Perhaps the most important example of an overly broad definition of anti-Semitism is the Anti-Semitism Awareness Act of 2016, which passed the Senate but died in the House. The bill sought to enact a State Department definition of anti-Semitism meant for international monitoring agencies in Europe.

This definition, which mentions Israel 15 times, seeks to proscribe "blaming Israel for all inter-religious or political tensions" or using double standards for Israel, such as "focusing on Israel only for peace or human rights investigations".

Indeed, no other political entity is afforded such protection from criticism under US law, and surely such efforts violate the First Amendment's guarantee of free speech.

As Justice Thomas argued in McCutcheon v. FEC: "Political speech is the primary object of First Amendment protection and the lifeblood of a self-governing people [citations omitted]."

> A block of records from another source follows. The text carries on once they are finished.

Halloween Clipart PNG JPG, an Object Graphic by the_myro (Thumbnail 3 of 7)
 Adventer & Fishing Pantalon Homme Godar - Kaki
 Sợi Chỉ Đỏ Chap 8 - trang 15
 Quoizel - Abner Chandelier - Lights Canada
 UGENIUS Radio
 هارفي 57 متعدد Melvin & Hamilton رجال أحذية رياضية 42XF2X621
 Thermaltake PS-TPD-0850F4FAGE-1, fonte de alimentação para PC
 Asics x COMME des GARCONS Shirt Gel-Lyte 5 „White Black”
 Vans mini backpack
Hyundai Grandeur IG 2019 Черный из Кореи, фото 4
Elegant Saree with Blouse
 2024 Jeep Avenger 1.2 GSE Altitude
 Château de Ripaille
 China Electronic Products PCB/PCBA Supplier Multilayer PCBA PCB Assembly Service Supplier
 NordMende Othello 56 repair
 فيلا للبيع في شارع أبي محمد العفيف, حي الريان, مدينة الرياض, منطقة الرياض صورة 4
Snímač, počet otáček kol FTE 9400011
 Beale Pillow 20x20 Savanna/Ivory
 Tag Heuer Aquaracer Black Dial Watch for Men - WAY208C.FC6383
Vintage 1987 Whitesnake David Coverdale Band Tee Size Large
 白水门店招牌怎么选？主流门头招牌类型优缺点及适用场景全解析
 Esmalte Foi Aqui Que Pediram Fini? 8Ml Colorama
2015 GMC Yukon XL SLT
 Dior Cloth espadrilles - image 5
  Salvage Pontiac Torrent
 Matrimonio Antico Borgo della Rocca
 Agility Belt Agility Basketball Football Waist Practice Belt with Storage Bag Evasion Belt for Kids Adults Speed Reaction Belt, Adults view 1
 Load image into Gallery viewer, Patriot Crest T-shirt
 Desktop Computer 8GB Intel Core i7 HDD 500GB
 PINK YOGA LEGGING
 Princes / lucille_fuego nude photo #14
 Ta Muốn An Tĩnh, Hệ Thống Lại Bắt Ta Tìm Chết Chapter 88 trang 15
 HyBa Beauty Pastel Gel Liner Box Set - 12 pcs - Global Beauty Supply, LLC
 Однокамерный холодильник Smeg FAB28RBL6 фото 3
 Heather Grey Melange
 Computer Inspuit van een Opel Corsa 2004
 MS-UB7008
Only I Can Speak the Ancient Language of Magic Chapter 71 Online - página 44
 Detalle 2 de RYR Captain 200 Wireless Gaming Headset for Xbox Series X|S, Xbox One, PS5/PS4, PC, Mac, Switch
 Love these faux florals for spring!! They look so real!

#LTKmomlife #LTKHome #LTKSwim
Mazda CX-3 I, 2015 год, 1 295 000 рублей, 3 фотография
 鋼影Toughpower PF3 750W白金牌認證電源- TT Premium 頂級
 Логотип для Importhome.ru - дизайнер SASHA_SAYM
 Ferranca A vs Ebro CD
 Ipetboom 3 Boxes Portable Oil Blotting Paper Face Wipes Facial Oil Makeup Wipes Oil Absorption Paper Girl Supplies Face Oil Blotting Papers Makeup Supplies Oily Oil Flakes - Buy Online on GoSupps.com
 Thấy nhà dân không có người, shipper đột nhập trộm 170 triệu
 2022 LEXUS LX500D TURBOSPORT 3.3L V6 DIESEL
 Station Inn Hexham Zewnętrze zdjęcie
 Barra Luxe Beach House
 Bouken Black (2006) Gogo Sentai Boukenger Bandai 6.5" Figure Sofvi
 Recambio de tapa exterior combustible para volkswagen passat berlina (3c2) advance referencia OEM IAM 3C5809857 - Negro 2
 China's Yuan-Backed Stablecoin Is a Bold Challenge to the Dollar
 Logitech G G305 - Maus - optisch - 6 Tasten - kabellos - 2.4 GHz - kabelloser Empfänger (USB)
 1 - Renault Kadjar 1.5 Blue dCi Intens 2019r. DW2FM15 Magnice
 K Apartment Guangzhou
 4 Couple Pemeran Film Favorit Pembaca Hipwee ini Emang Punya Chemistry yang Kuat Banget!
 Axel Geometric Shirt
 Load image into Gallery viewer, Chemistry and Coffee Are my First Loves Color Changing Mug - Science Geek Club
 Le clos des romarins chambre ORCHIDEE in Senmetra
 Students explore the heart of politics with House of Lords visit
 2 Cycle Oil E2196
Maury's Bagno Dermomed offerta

Criminalising criticism of Israel

Despite obvious constitutional infirmaries, efforts to enact this overly broad definition remain. The current Congress considered reviving the Anti-Semitism Awareness Act as recently as this past November in a House judiciary hearing.

Worryingly, earlier in December Bal Harbour, Florida passed an anti-free speech ordinance disguised as addressing anti-Semitism with the same broad definition, stating "the law directs officers to the State Department's 2010 definition of anti-Semitism..." in seeking to charge individuals with a hate crime.

These efforts to criminalise criticism of Israel not only limit political discourse on important topics such as foreign policy and US attitudes toward human rights abroad, they also trivialise the rising threat of anti-Semitic sentiment.

The latest FBI hate crimes report shows that anti-Semitic hate crimes increased by three percent in 2016 over the previous year.

If ambassador Friedman and Congress, back in session next week, are concerned with the state of anti-Semitism, they should oppose overly broad definitions of the term which merely seek to curb political expression and instead support comprehensive hate crime efforts such as the NO HATE Act.

Until then, the rhetoric of Friedman and others will only draw focus and resources away from legitimate hate crimes against the American Jewish community and their community centres or places of worship.